Data section
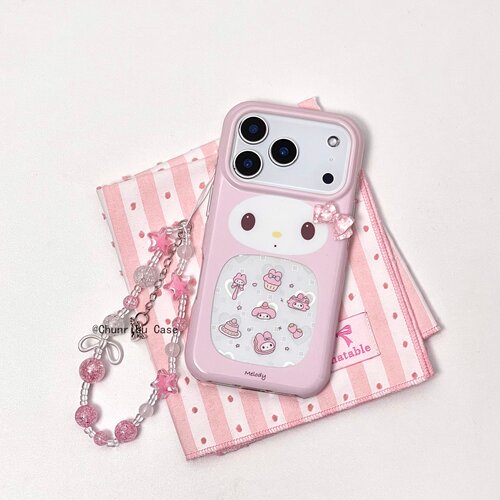 春日部防卫队Fighting｜可爱卡通粉色美乐蒂镂空镭射爱心适用苹果17/16promax手机壳日韩ins风iphone15/14/13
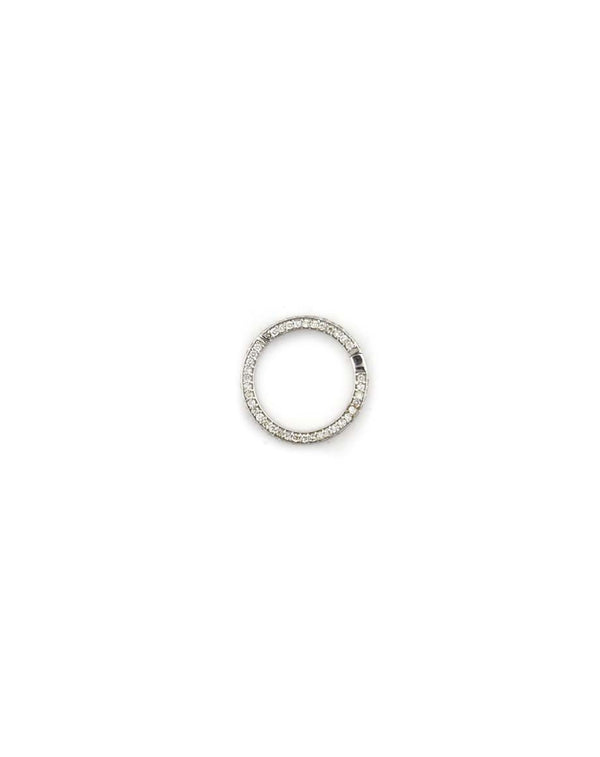 17mm 14K White Gold Diamond Lock Connector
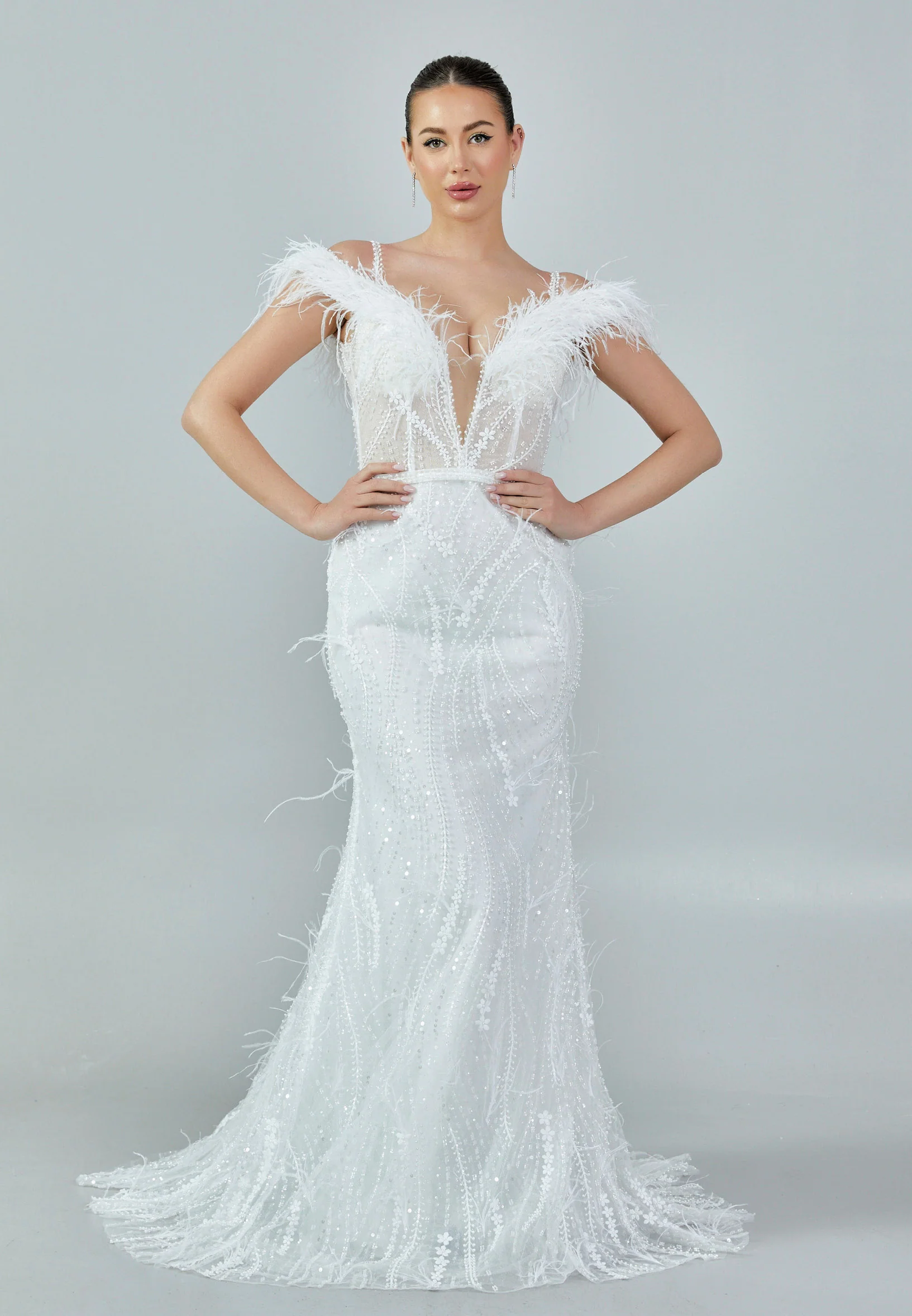 Off Shoulder Maxi Tulle Regular Wedding Dress rlb1690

Task details
Each line from the one containing "17mm 14K White Gold Diamond Lock Connector" through the last line above should be retyped exactly, and no other line. Any picture is to be left out.

Answer box
 17mm 14K White Gold Diamond Lock Connector
 Off Shoulder Maxi Tulle Regular Wedding Dress rlb1690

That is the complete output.